Exception Handling Structure

Construct/Structure

The basic structure involves try and catch blocks.

graph TD
    Start((Start)) --> Try[Try Block]
    Try --> Check{Error?}
    Check -- Yes --> Throw[Throw Exception]
    Throw --> Catch[Catch Block]
    Check -- No --> Execute[Continue Execution]
    Catch --> End((End))
    Execute --> End
  • Try Block (try { ... }):
  • If there is any error on any line inside the try block, it will stop execution at that line and jump to the catch block.

  • If there is no error in the try block, the catch block will not execute.

  • Catch Block (catch() { ... }): Executes statements to handle the error.

  • It is similar logic to if-else.

Throwing Mechanism

  • In the line throw 101;, we are throwing an exception manually.
  • We have to throw exceptions in C++ explicitly for logic errors (like division by zero) because the C++ compiler/runtime doesn't have a built-in mechanism to automatically throw exceptions for math errors (unlike Java).
  • throw 101 will be caught by the catch block argument, e.g., catch(int e), where e becomes 101.

Code Example: Basic Try-Catch

#include <iostream>
using namespace std;

int main() {
    int a = 10, b = 0, c;

    try {
        if (b == 0) {
            throw 101; // Throwing an integer exception
        }
        c = a / b;     // This line won't execute if b is 0
        cout << c;
    }
    catch (int e) {
        // e receives the value 101
        cout << "Exception occurred: Division by zero.

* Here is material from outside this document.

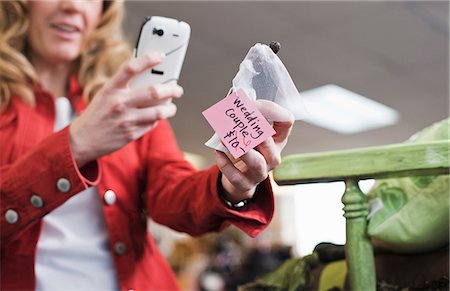 phone and shopping - Woman taking picture in thrift store Stock Photo - Premium Royalty-Free, Code: 614-06719954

Error Code: " << e;
    }
}

Throw and Catch between Functions

  • Exception handling is primarily used to communicate errors between functions (e.g., a worker function telling the main function something went wrong).
  • If everything is in one function, simple if-else logic often suffices. Exception handling is more useful for separating error detection from error handling.

Code Example: Function Communication

#include <iostream>
using namespace std;

// Function performing the division
int division(int a, int b) {
    if (b == 0) {
        throw 1; // Throw exception to the caller
    }
    return a / b;
}

int main() {
    int x = 10, y = 0, z;

    try {
        z = division(x, y); // Calls function
        cout << z << endl;
    }
    catch (int e) {
        cout << "Division by zero! Error: " << e << endl;
    }

    cout << "Bye" << endl; // Program continues gracefully
    return 0;
}

More about Throw

  • We can throw anything: int value, float, double, char, string, or even our own class object.
  • Exception Specification (Legacy):
  • We can mention in the function signature that a function throws an exception: int division(int x, int y) throw(MyException) { ... }
  • Note: This signals to other programmers via the signature that this function might throw specific exceptions, so they are supposed to catch them.

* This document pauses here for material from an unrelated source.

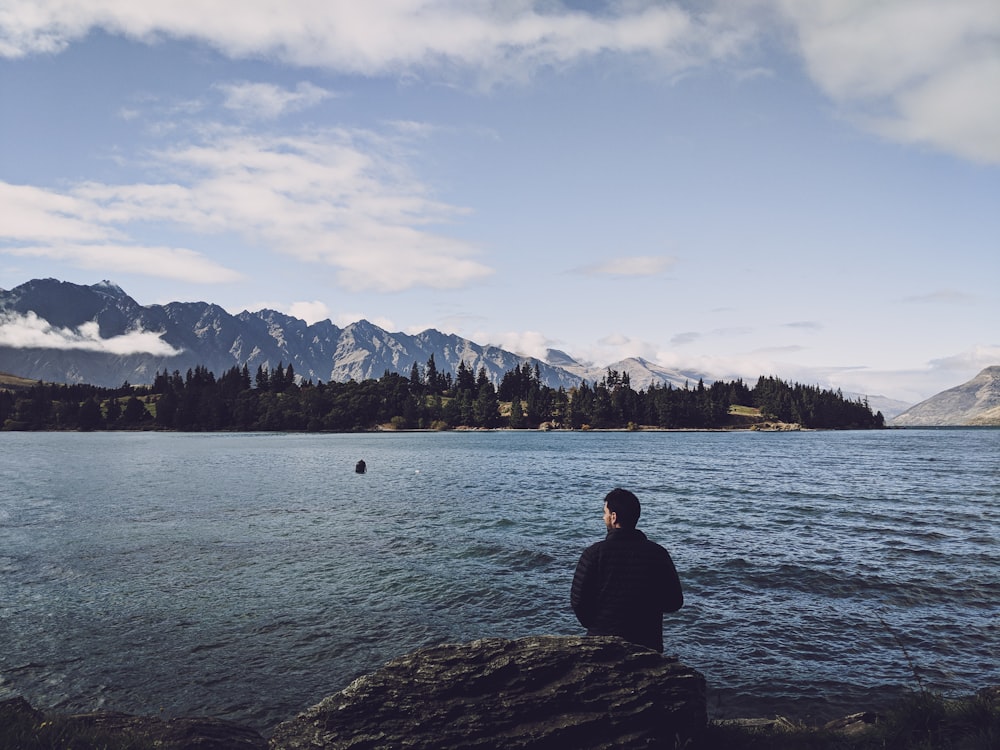 man sitting on rock in front of sea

Code Example: Throwing Class Objects

class MyException : public exception {
    // Custom exception class details
};

int division(int x, int y) {
    if (y == 0) {
        throw MyException(); // Throwing an object
    }
    return x / y;
}

More about Catch

Multiple Catch Blocks

  • We can have multiple catch blocks to handle different types of data thrown.
  • catch(...) (The Ellipsis / "Catch-All"):
  • It can catch any type of exception.
  • If we use this, it means we aren't interested in (or able to) give a specific message based on the data type.
  • It is recommended to have multiple specific catch blocks for different data types first.
  • Important: The catch(...) block must be defined as the last catch block.
graph TD
    Try[Try Block] --> Error{Exception Type?}
    Error -- int --> CatchInt["catch(int e)"]
    Error -- float --> CatchFloat["catch(float f)"]
    Error -- unknown --> CatchAll["catch(...)"]

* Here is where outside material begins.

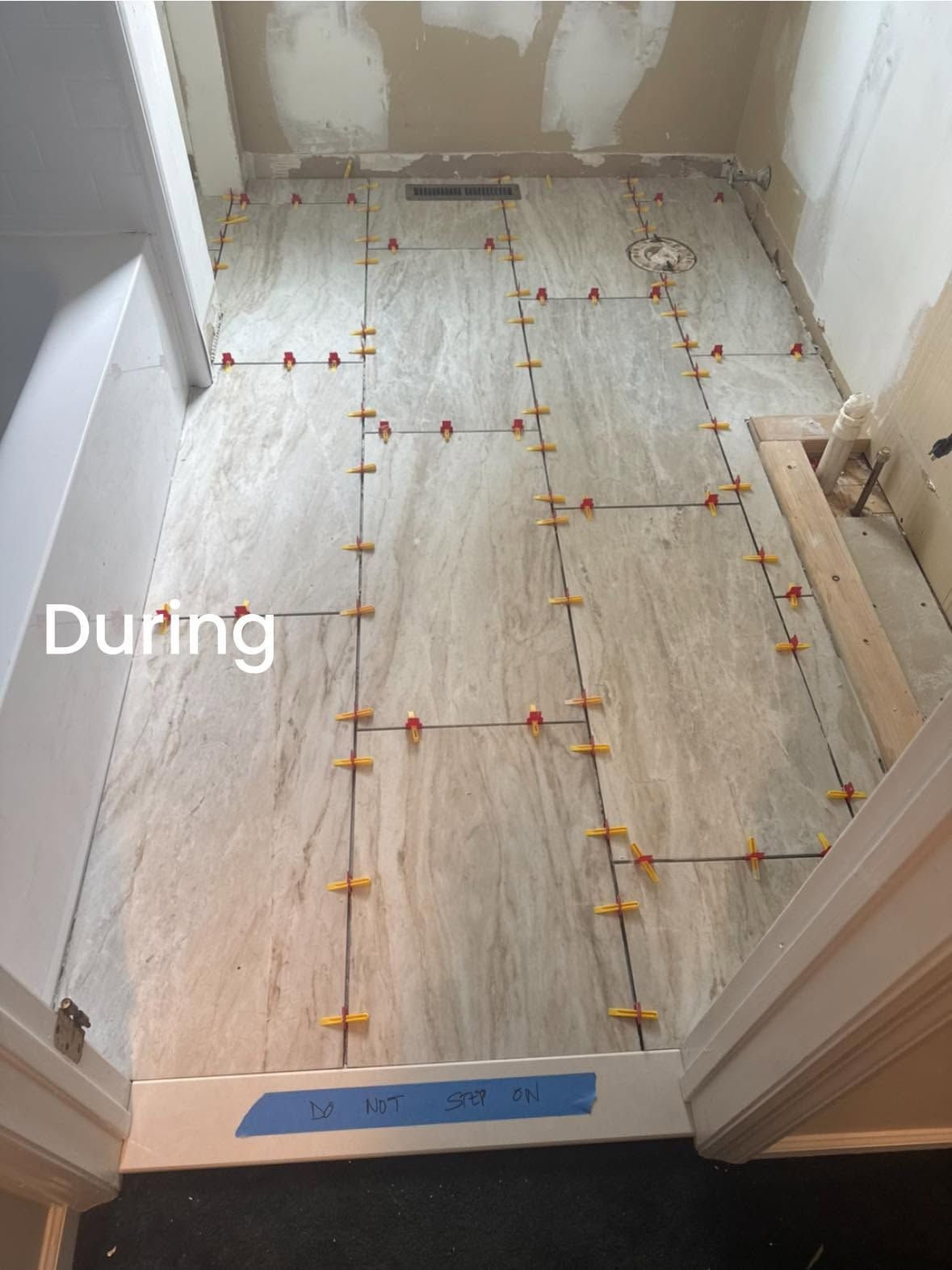 Tiled bathroom floor under repair, with leveling clips and spacers laid across the tiles.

Code Example: Multiple Catches

try {
    // Some code that might throw different types
    if (error_type == 1) throw 10;      // int
    if (error_type == 2) throw 1.5;     // double
    if (error_type == 3) throw "Error"; // string
}
catch (int e) {
    cout << "Caught Integer: " << e;
}
catch (double d) {
    cout << "Caught Double: " << d;
}
catch (...) {
    cout << "Catch-All Executed: Unknown Exception";
}

Important Points

  • We can have a try block inside another try block (Nesting of try-catch).
  • Inheritance in Catch Blocks:

  • If exception classes are in an inheritance hierarchy, you must write the catch for the Child class first, and then the Parent class.

  • void fun() throw() means the function guarantees it throws no exception.

  • Exceptions are raised by the program.
  • A try block can have multiple catch blocks.